An example of using this feature is shown below, where we are logging a model that contains an external dependency.
In the first section, we are defining an external module named custom_code
that exists in a different than our model definition.
from typing import List
iris_types = ["setosa", "versicolor", "viginica"]
def map_iris_types(predictions: int) -> List[str]:
return [iris_types[pred] for pred in predictions]
With this custom_code.py
module defined, it is ready for use in our Python Model:
from typing import Any, Dict, List, Optional
from custom_code import map_iris_types # import the external reference
import mlflow
class FlowerMapping(mlflow.pyfunc.PythonModel):
"""Custom model with an external dependency"""
def predict(
self, context, model_input, params: Optional[Dict[str, Any]] = None
) -> List[str]:
predictions = [pred % 3 for pred in model_input]
# Call the external function
return map_iris_types(predictions)
with mlflow.start_run():
model_info = mlflow.pyfunc.log_model(
name="flowers",
python_model=FlowerMapping(),
infer_code_paths=True, # Enabling automatic code dependency inference
)
With infer_code_paths
set to True
, the dependency of map_iris_types
will be analyzed, its source declaration detected as originating in
the custom_code.py
module, and the code reference within custom_code.py
will be stored along with the model artifact.
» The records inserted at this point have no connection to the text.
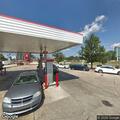 Person with chest and back pain at Speedway store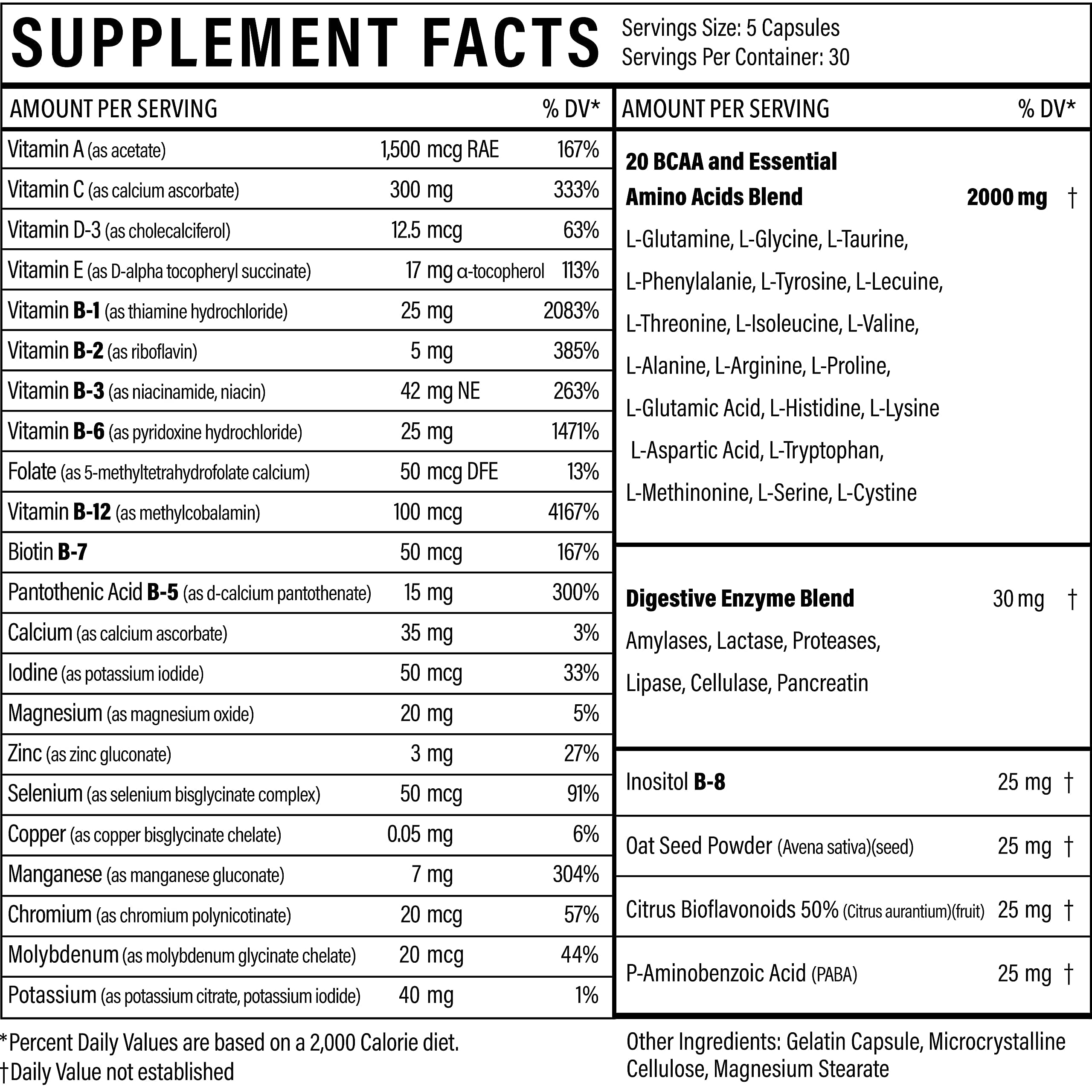Sport Formula 99 raw vegetarian nutrients promote metabolism with clean ingredients.
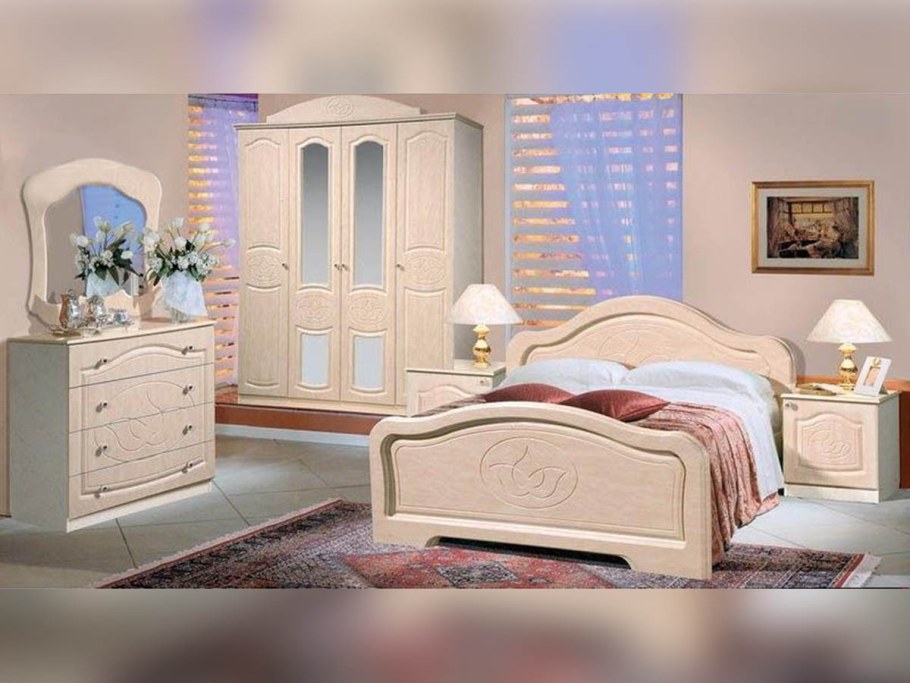 Спальня Севилья фабрика Альбина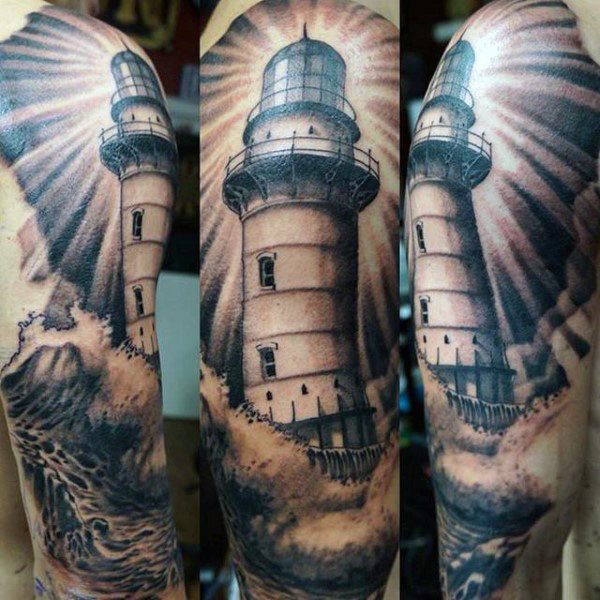 leuchtturm tattoo 199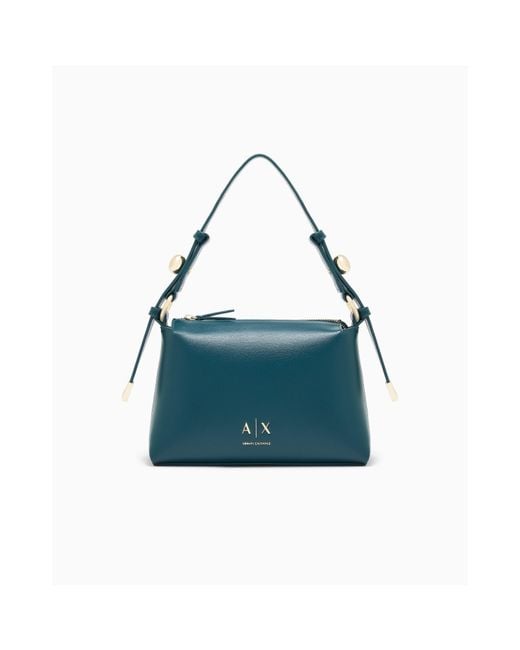 ARMANI EXCHANGE Blue Shoulder Bag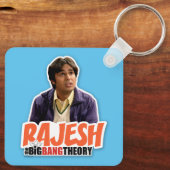ビッグバン理論 | Rajesh キーホルダー (裏面)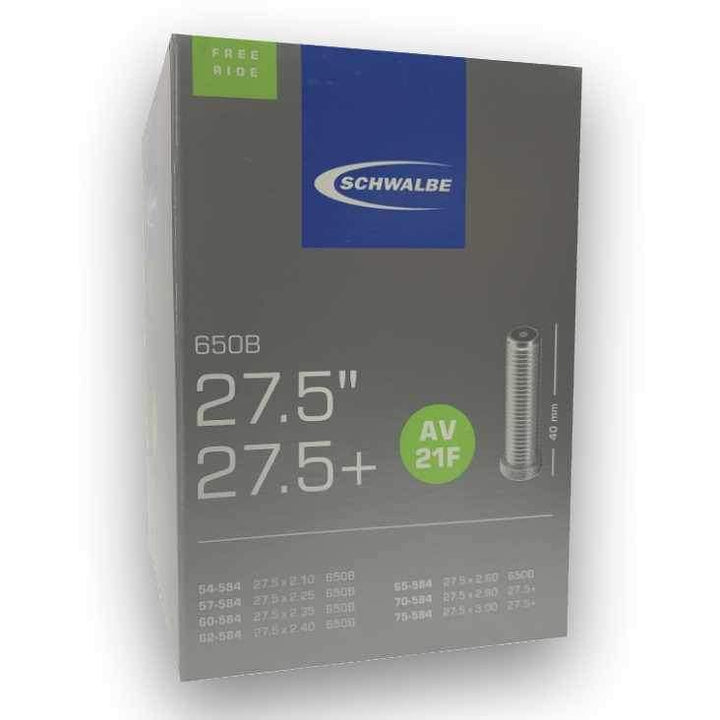 Schwalbe Schlauch FREERIDE AV 21F 27,5" 27,5+ - Zweirad Heilenmann GmbH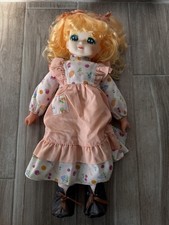 CANDY CANDY  bambola Polistil 48 Cm Completa abito,scarpine,fiocchetti originali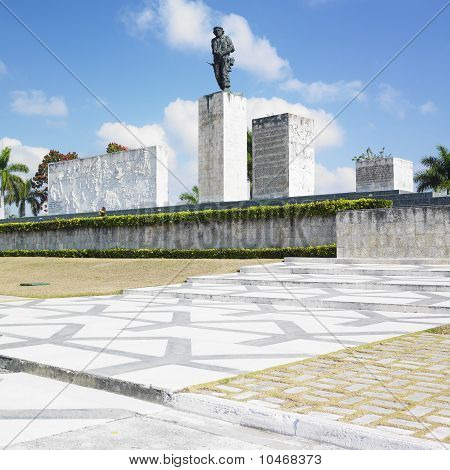 Che Guevara Monument, Plaza De La Revolution, Santa Clara, Cuba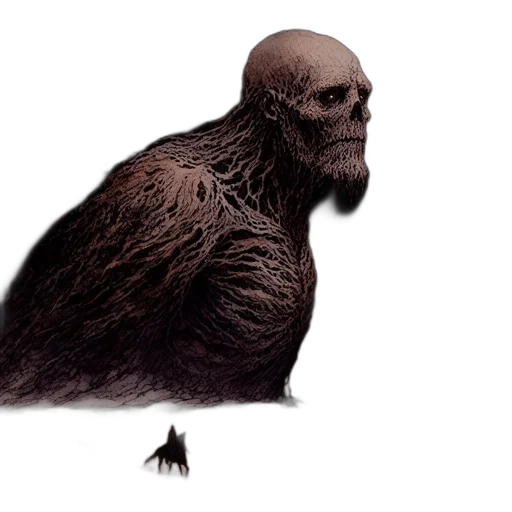 creature, animal, hair, mask transparent PNG cut-out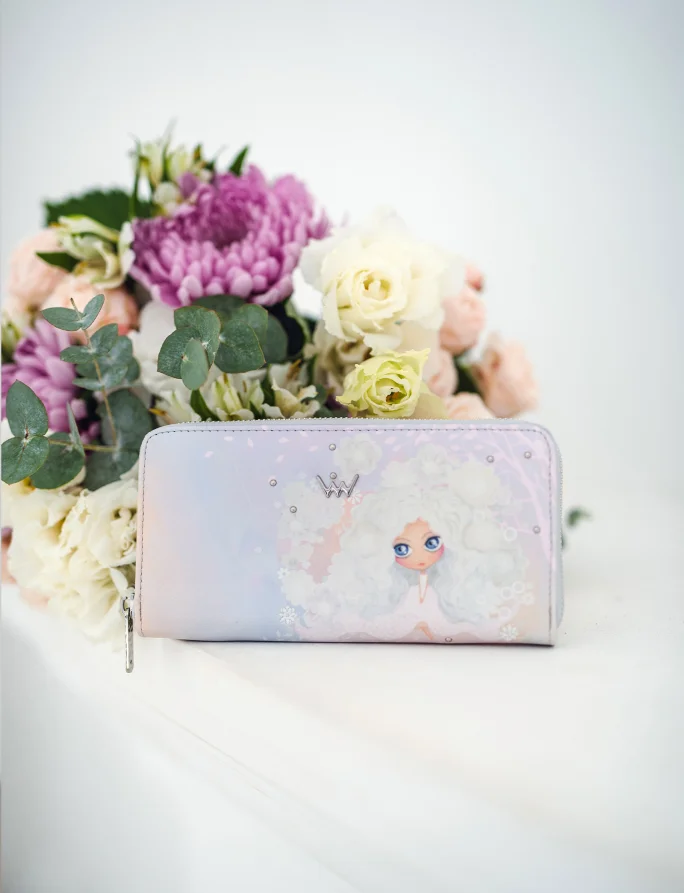 Anastasia Zipper Wallet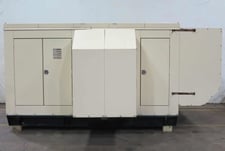 600 KW Kohler #600ROZD-4, diesel generator set, 208 Volts, low hours, 2002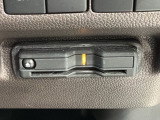いまや快適なカーライフに欠かせないETCが付いています。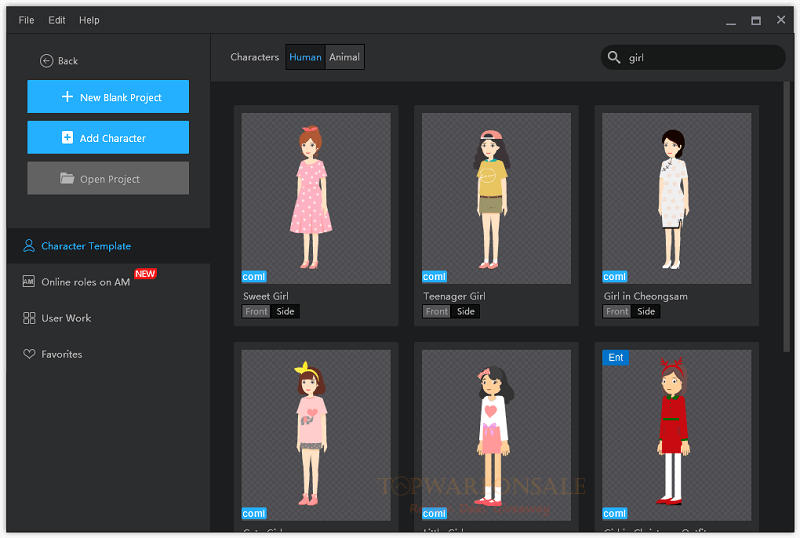 Mango Animate Character Maker License Key Free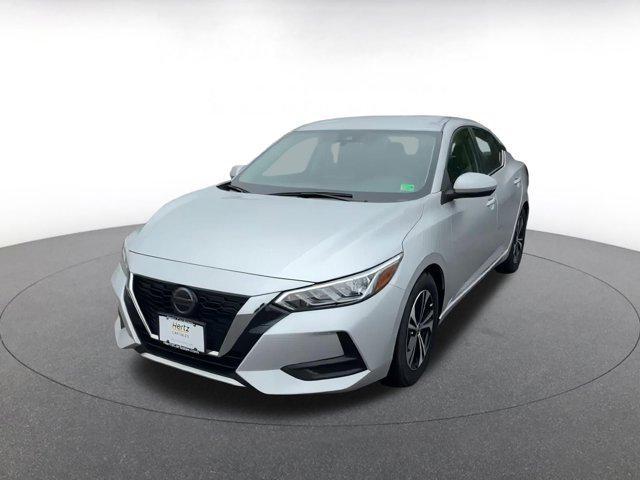 used 2023 Nissan Sentra car, priced at $18,411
Note that defining the
external code dependency by using the code_paths
argument (discussed in the next section) is not needed.
Only modules that are within the current working directory are accessible. Dependency inference will not work across module boundaries or if your
custom code is defined in an entirely different library. If your code base is structured in such a way that common modules are entirely external to
the path that your model logging code is executing within, the original code_paths
option is required in order to log these dependencies, as
infer_code_paths
dependency inference will not capture those requirements.
Restrictions with infer_code_paths
Before using dependency inference via infer_code_paths
, ensure that your dependent code modules do not have sensitive data hard-coded within the modules (e.g., passwords,
access tokens, or secrets). Code inference does not obfuscate sensitive information and will capture and log (save) the module, regardless of what it contains.
An important aspect to note about code structure when using infer_code_paths
is to avoid defining dependencies within a main entry point to your code.
When a Python code file is loaded as the __main__
module, it cannot be inferred as a code path file. This means that if you run your script directly
(e.g., using python script.py
), the functions and classes defined in that script will be part of the __main__
module and not easily accessible by
other modules.
If your model depends on these classes or functions, this can pose a problem because they are not part of the standard module namespace and thus not
straightforward to serialize. To handle this situation, you should use cloudpickle
to serialize your model instance. cloudpickle
is an
extended version of Python's pickle
module that can serialize a wider range of Python objects, including functions and classes defined in
the __main__
module.